I had only one student and his name was John Alcock, who has written actually some natural history books for the public, who could really write. All the others just didn’t know how to write. I don’t know, I should probably say they should go back to school, but obviously there were in school and didn’t learn it—so I don’t how they learn it.

You have to just consult a person who knows how to write. Now a person like S. Jay Gould, Steve Gould—he knows how to write, but…the majority of people—I had one student, I won’t mention his name, who’s published for something like thirty years now or so, and he still doesn’t know how to write. The stuff you read it and try to figure out what does it really mean!

I wouldn’t be able to speak so fluently into your microphone when you ask me a question—I mean I don’t hem and haw. I don’t start all over again. I have fully formed sentence, that is in my brain and comes right out. So I don’t find writing difficult, but the first version—all my writing is done by dictating into a tape recorder. And then with the modern word processor I get the product—and I make all the corrections and then the second time, I convert it into the second version.

I have a paper there on the table, which I hope to finish maybe in the next ten days and this is the tenth version of this paper. So in spite of the fact that I can write well, and I still constantly polish, move paragraphs around, have some new ideas, stick them in still, find out if I stuck them in at the wrong place, and shift it to another place. So my writing is a combination of clear thinking and constant attention to the detail.

I write two or three letters practically every day. I’m one of the last survivors, a living fossil of the letter world. But I don’t write literary things.

Ernst Mayr has been universally acknowledged as the leading evolutionary biologist of the twentieth century. He earned his Ph.D. in ornithology at the age of 21 from the University of Berlin in 1926. During his tenure at the Berlin Museum, from 1926 to 1930, Mayr led ornithological expeditions to Dutch New Guinea and German Mandated New Guinea. In 1931, he was hired by the American Museum of Natural History, Department of Ornithology. During his 20-year AMNH tenure, Dr. Mayr described 26 new bird species and 410 subspecies, more than any other living avian systematist.

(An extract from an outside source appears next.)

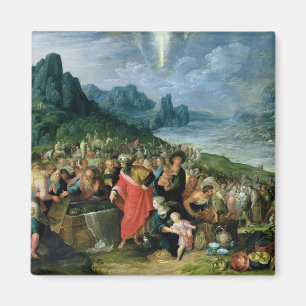 The Israelites on the Bank of the Red Sea, 1621 Magnet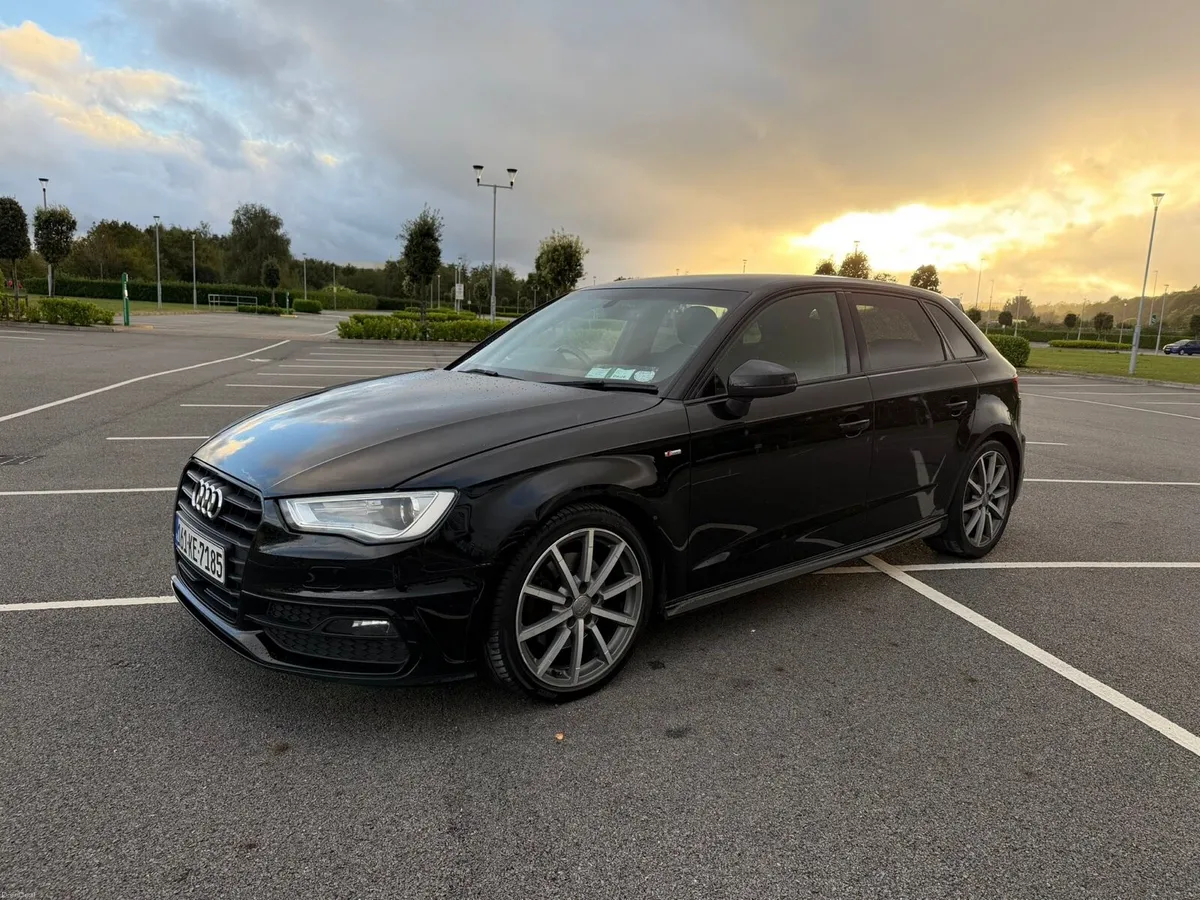 AUDI A3 S-LINE 2.0 DIESEL 184BHP - Image 4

In 1953, Mayr became Alexander Agassiz Professor of Zoology at Harvard University's Museum of Comparative Zoology, and served as Director of the Museum (1961-1970). He has published hundreds of papers and eight books, including Systematics and the Origin of Species (1942), which became a landmark of evolutionary biology.

Mayr has been honored with more than 25 major scientific awards and honors and many honorary degrees, including the National Medal of Science (1970), the Balzan Prize in Biology (1983) and the Crafoord Prize of the Royal Swedish Academy of Sciences (1999) with John Maynard Smith and George C. Williams "for their fundamental contributions to the conceptual development of evolutionary biology."

In 1995, Harvard’s Library of the Museum of Comparative Zoology was rededicated as the Ernst Mayr Library of the Museum of Comparative Zoology. Mayr has been a longtime friend and mentor to Jim Watson.